Dimitri Davidović

Personal information
- Full name: Dimitrije Davidović
- Date of birth: 21 May 1944 (age 82)
- Place of birth: Belgrade, Yugoslavia
- Position: Midfielder

Youth career
- Partizan

Senior career*
- Years: Team / Apps / (Gls)
- 1963–1967: Partizan / 21 / (0)
- 1967–1968: Oakland Clippers / 35 / (8)
- 1969–1971: NEC / 39 / (5)
- 1971–1978: Lierse SK / 197 / (14)
- 1978: San Jose Earthquakes / 27 / (1)

Managerial career
- 1980–1983: FC Antwerp
- 1983–1985: Lokeren
- 1985–1986: Kortrijk
- 1986–1987: Beerschot
- 1988–1989: Lierse SK
- 1989–1991: FC Antwerp
- 1991–1992: Al Wasl
- 1994: Kispest Honvéd
- 1996–1997: Al-Ittihad Jeddah
- 1997–1998: Sharjah
- 1998–1999: Al-Ittihad Jeddah
- 1999–2000: Al Wahda
- 2000: Al-Ittihad Jeddah
- 2002–2003: Al-Ahli Jeddah
- 2005–2006: Qatar SC
- 2006–2007: Al-Ittihad Jeddah
- 2007–2008: Qatar SC
- 2008–2009: FC Antwerp
- 2011: Al-Ittihad Jeddah

= Dimitri Davidović =

Belgian football manager and former player

Dimitrije "Dimitri" Davidović (Димитрије Димитри Давидовић; born 21 May 1944) is a Serbian–Belgian football manager and former player.

==Playing career==
Davidović was a professional soccer player during 16 years in the first divisions of Europe.

===Partizan===
Born in Belgrade, Yugoslavia, Davidović started his career with FK Partizan going through all selections and played professionally there for five years. With the club, he won the Yugoslavian championship and played in the finals of the European Cup.

===Oakland Clippers===
In 1967, Davidovic signed with the Oakland Clippers of the National Professional Soccer League. They won both the Western Division and league championships that year. In 1968, the NPSL merged with the United Soccer Association to form the North American Soccer League.
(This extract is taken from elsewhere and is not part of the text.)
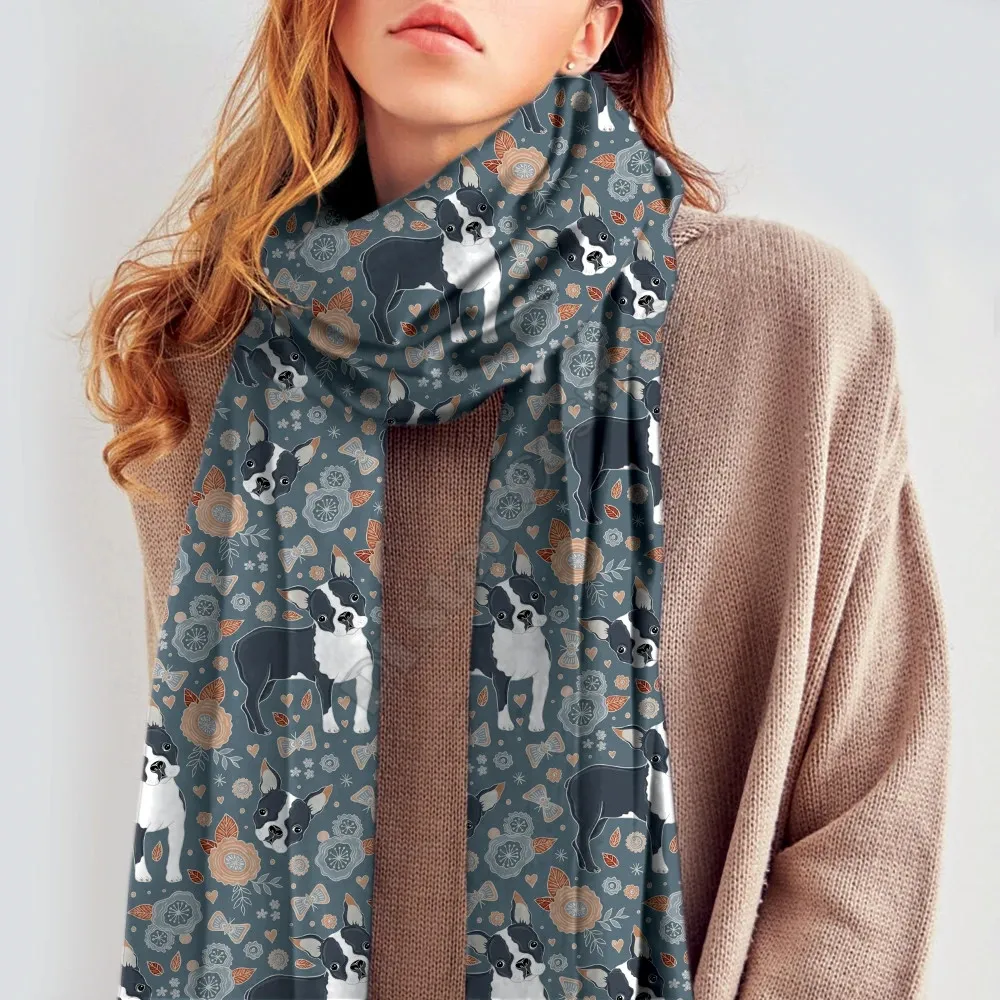 Рисунок 5 - Бостон 3D печать имитация кашемира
Davidovic remained with the Clippers in 1968, but the team withdrew from the league at the end of the season.

===NEC Nijmegen===
1969–1971, where he led the team as captain.

===Lierse===
1971–1978 During his seven-year stay, they were twice Cup finalists and took part in the Europe Cup.

===San Jose Earthquakes===
In 1978, Davidovic returned to the United States and signed with the San Jose Earthquakes of the NASL. He spent one season in San Jose, scoring one goal in twenty-seven games.

==Managerial career==
In November 2006, Davidović took charge of Saudi side Al-Ittihad for the fourth time.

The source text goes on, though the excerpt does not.